### Task objective
Each entry listed below should be reproduced word for word.

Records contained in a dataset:

▽

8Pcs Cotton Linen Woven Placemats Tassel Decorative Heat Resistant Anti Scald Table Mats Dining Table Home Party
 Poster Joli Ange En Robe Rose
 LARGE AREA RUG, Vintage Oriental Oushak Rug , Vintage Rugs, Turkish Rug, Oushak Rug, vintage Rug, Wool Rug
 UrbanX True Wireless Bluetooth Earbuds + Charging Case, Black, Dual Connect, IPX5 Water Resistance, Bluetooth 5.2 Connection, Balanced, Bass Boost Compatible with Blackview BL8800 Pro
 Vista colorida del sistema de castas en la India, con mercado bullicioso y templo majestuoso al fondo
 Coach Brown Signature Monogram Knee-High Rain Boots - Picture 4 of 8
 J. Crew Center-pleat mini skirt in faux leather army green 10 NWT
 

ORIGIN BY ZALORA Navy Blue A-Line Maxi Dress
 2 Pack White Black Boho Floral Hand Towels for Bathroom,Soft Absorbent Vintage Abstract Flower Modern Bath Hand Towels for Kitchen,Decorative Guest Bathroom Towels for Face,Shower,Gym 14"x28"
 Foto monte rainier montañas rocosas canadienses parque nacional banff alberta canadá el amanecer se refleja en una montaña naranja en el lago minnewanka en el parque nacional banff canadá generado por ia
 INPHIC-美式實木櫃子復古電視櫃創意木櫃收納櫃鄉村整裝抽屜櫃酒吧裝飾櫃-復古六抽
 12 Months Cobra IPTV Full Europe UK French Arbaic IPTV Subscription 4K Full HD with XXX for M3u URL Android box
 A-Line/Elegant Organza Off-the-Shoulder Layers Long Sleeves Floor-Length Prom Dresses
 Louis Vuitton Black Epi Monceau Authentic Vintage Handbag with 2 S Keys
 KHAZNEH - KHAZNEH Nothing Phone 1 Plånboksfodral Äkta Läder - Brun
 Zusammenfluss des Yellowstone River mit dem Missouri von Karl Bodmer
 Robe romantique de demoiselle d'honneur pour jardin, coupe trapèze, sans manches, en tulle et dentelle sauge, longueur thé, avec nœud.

△

### Exercise response
8Pcs Cotton Linen Woven Placemats Tassel Decorative Heat Resistant Anti Scald Table Mats Dining Table Home Party
 Poster Joli Ange En Robe Rose
 LARGE AREA RUG, Vintage Oriental Oushak Rug , Vintage Rugs, Turkish Rug, Oushak Rug, vintage Rug, Wool Rug
 UrbanX True Wireless Bluetooth Earbuds + Charging Case, Black, Dual Connect, IPX5 Water Resistance, Bluetooth 5.2 Connection, Balanced, Bass Boost Compatible with Blackview BL8800 Pro
 Vista colorida del sistema de castas en la India, con mercado bullicioso y templo majestuoso al fondo
 Coach Brown Signature Monogram Knee-High Rain Boots - Picture 4 of 8
 J. Crew Center-pleat mini skirt in faux leather army green 10 NWT
 

ORIGIN BY ZALORA Navy Blue A-Line Maxi Dress
 2 Pack White Black Boho Floral Hand Towels for Bathroom,Soft Absorbent Vintage Abstract Flower Modern Bath Hand Towels for Kitchen,Decorative Guest Bathroom Towels for Face,Shower,Gym 14"x28"
 Foto monte rainier montañas rocosas canadienses parque nacional banff alberta canadá el amanecer se refleja en una montaña naranja en el lago minnewanka en el parque nacional banff canadá generado por ia
 INPHIC-美式實木櫃子復古電視櫃創意木櫃收納櫃鄉村整裝抽屜櫃酒吧裝飾櫃-復古六抽
 12 Months Cobra IPTV Full Europe UK French Arbaic IPTV Subscription 4K Full HD with XXX for M3u URL Android box
 A-Line/Elegant Organza Off-the-Shoulder Layers Long Sleeves Floor-Length Prom Dresses
 Louis Vuitton Black Epi Monceau Authentic Vintage Handbag with 2 S Keys
 KHAZNEH - KHAZNEH Nothing Phone 1 Plånboksfodral Äkta Läder - Brun
 Zusammenfluss des Yellowstone River mit dem Missouri von Karl Bodmer
 Robe romantique de demoiselle d'honneur pour jardin, coupe trapèze, sans manches, en tulle et dentelle sauge, longueur thé, avec nœud.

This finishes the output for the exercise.